|
|
|
|
|
by davidsrosenberg
2903 days ago
|
|
So the extrapolation-type problem you describe (an input not near any of your training examples) is an issue. Unless you have a world model you believe in (i.e. you've done some science -- not just statistics), hard to know if your prediction function works out there where you’ve never seen any examples. If you’ve seen some data out there, but relatively fewer than you see in deployment, then importance weighting or other approaches from covariate shift / domain adaptation could help. Anomaly detection is definitely another important area, but I struggle to pull together a coherent unit on the topic. One issue is that it’s difficult to define precisely, at least partly because everybody means something a little bit different by it. Also, based on classical hypothesis testing, I think that to some extent you have to know what you’re looking for to be able to detect it (ie to have power against the alternatives/anomalies you care about)... For that reason, I think it’s hard to separate anomaly detection from more general risk analysis/assessment, because you need to know the type of thing you care about finding. In any case, I made an attempt on anomaly detection: There's https://bloomberg.github.io/foml/#lecture-15-citysense-proba... which is simply about building a conditional probability model, and flagging behavior as anomalous if it has low probability or prob density under the model. I also used to have 1-class SVM’s in a homework (https://davidrosenberg.github.io/mlcourse/Archive/2017/Homew... Problem 11). |
|
An anomaly detector should be at least as good as a statistical hypothesis test.
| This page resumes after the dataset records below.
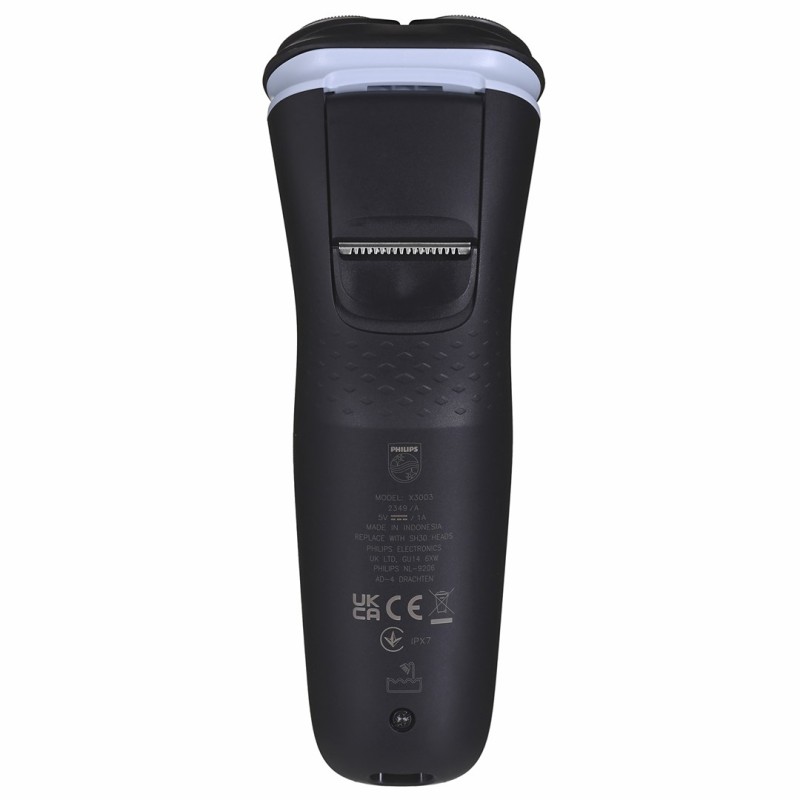PHILIPS Multigroom series 7000 MG7940/75 Hairdresser/Trimmer Grey PHILIPS Multigroom series 7000 MG7940/75 Hairdresser/Trimmer Grey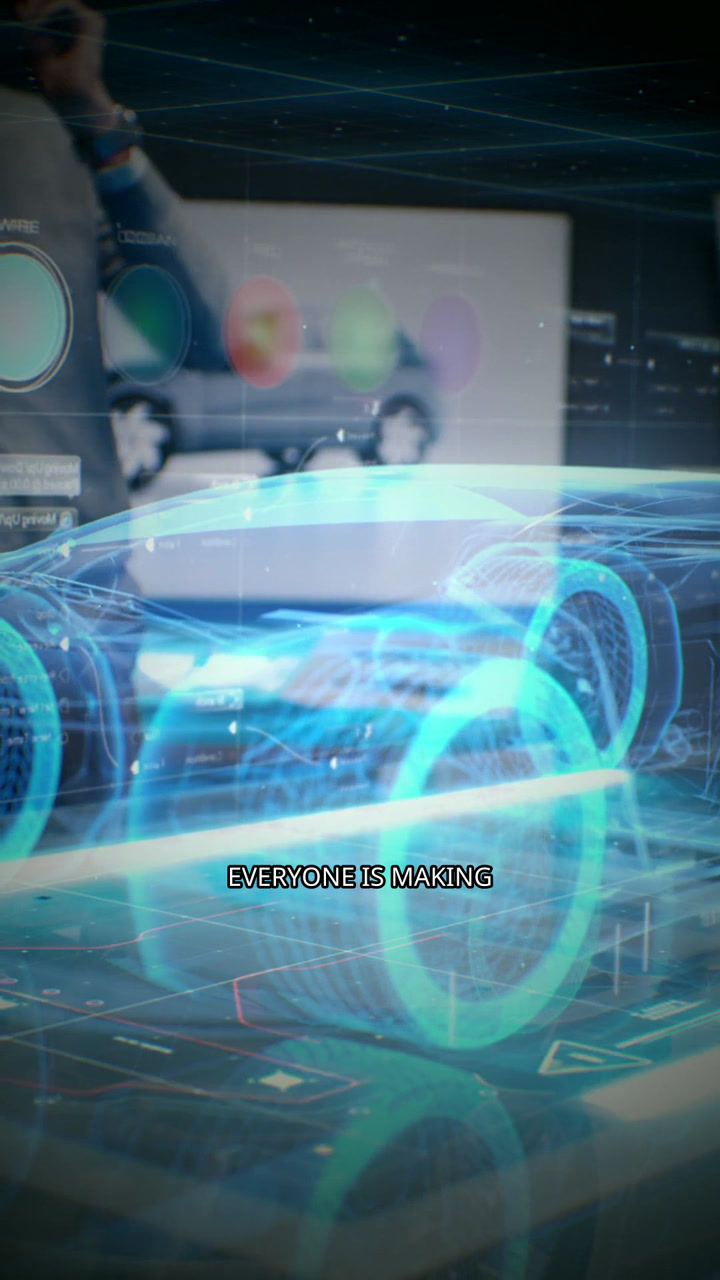 Everyone Is Making Ai Videos Few Are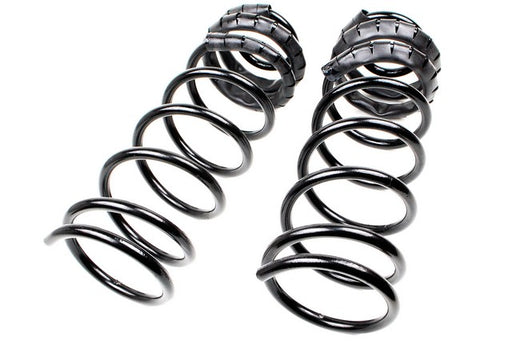 Coil Spring Set Mevotech SMS687V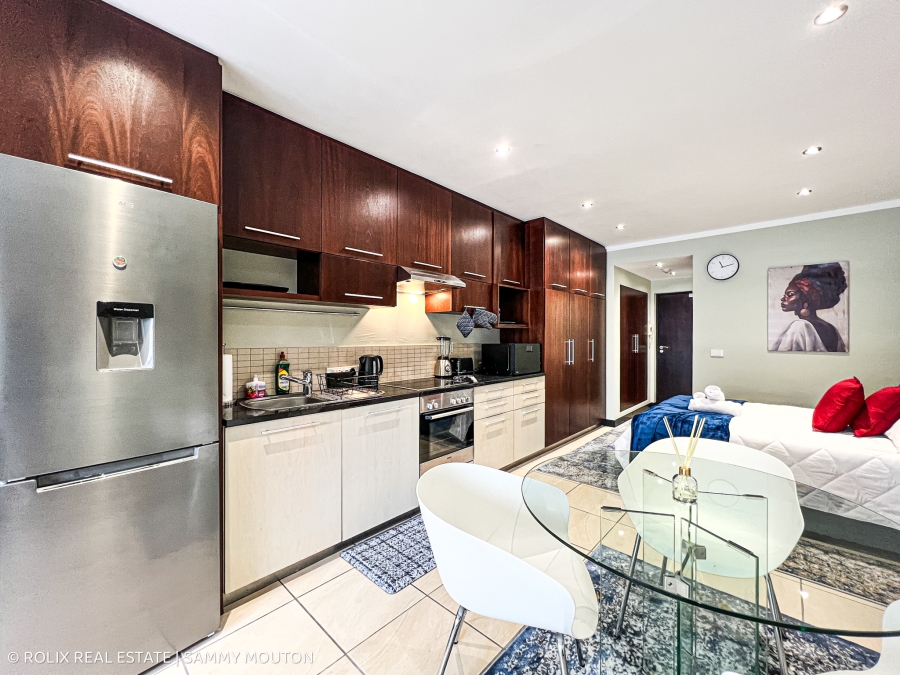 To Let 0 Bedroom Property for Rent in Cape Town City Centre Western Cape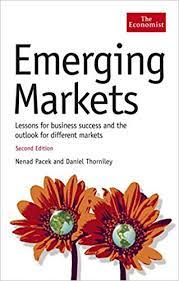 Emerging Markets by Nenad Pacek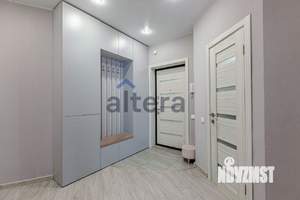 3-к квартира, вторичка, 101м2, 6/18 этаж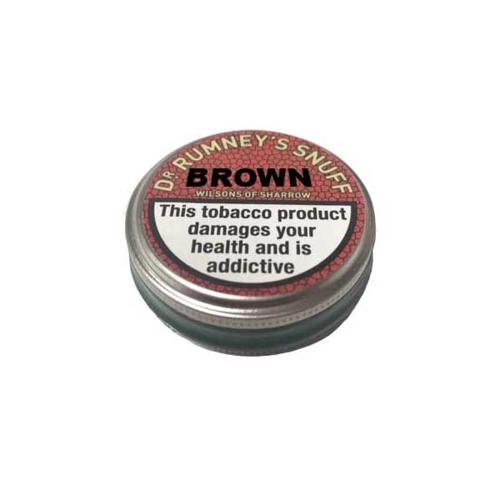 Dr. Rumney's Brown 10g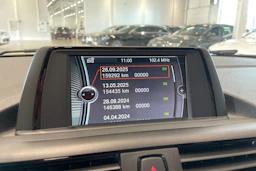 valkoinen BMW 116 2013 kuva 19.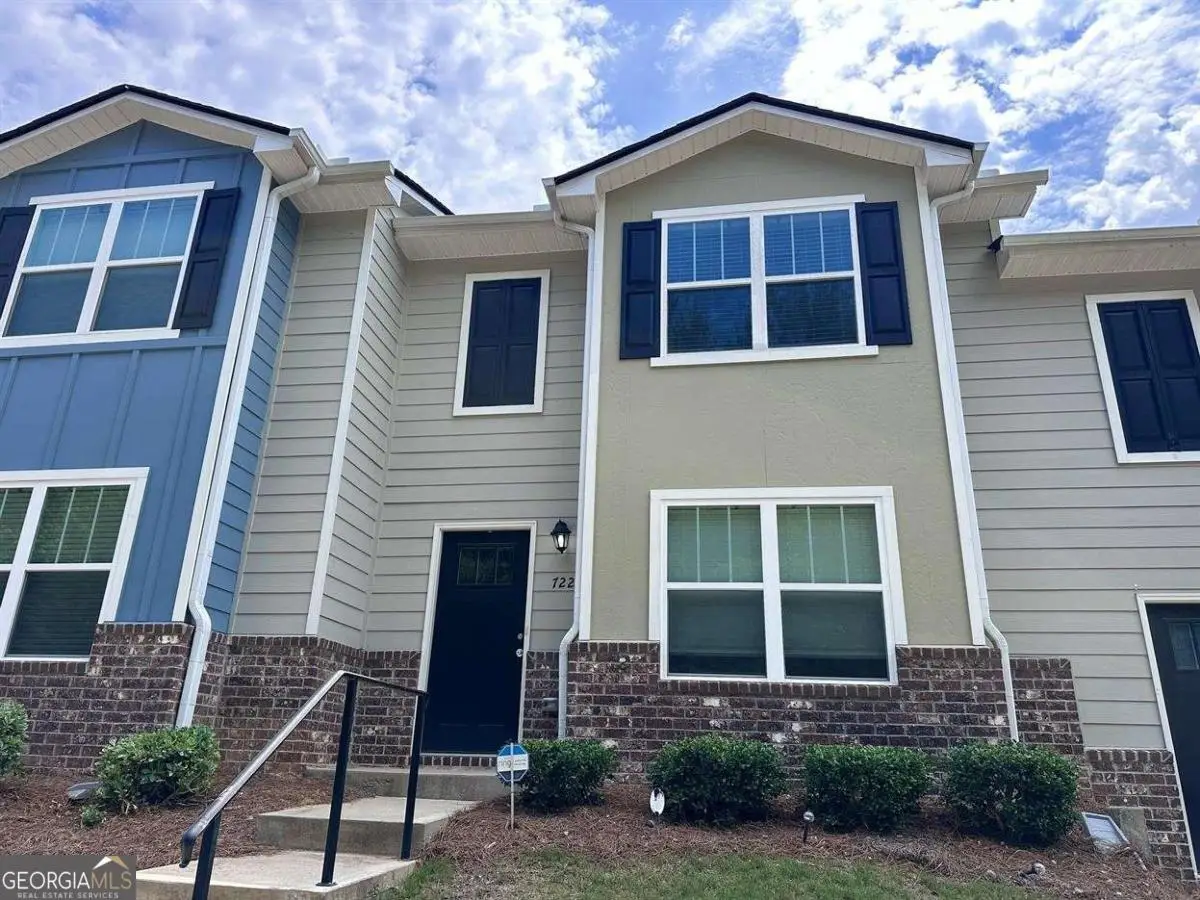 722 Keeshono Street, Union City, GA 30291 - #1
So, for the null hypothesis, assume that x is distributed like the training data.
Okay, except we don't really know the distribution of the training data.
"Ma! Help! What am I supposed to do now???"
So, we need a statistical hypothesis test that is both multi-dimensional and distribution-free.
Let's, see: In ergodic theory we consider transformations that are measure preserving .... Yup, can have a group (as in abstract algebra) of those, sum over the group, ..., and calculate the significance level of the test and, thus, get a real hypothesis test, multi-dimensional and distribution free. For some of the details of the test, there are lots of variations, i.e., options, knobs to turn.
Detection rate? Hmm. Depends ...! Don't have data enough to use the Neyman-Person approach, but in a curious but still relevant sense the detection rate is the highest possible.
I just call this work statistics, but maybe it would also qualify according to some definitions as machine learning. But my work is not merely heuristic and has nothing to do with regression analysis or neural networks. So, again, my work is an example that there can be more to machine learning than empirical curve fitting.
So, before applying an empirically fitted model at x, want x to be distributed like the training data and at least want an hypothesis test not to reject the null hypothesis that x is so distributed.
More generally, if are looking for anomalies in the data, say, a rapid real time stream, when see an anomaly, investigate further. In this case, an anomaly detector is a first cut filter, an alarm, to justify further investigation.
Looking back on what I did, I suspect that more could be done and that some of what I did could be done better.
Of course, my interests now are my startup. Yes, there the crucial core is some applied math I derived.
Maybe I'll use my anomaly detection work for real-time monitoring for zero-day problems in security, performance, failures, etc. in my server farm.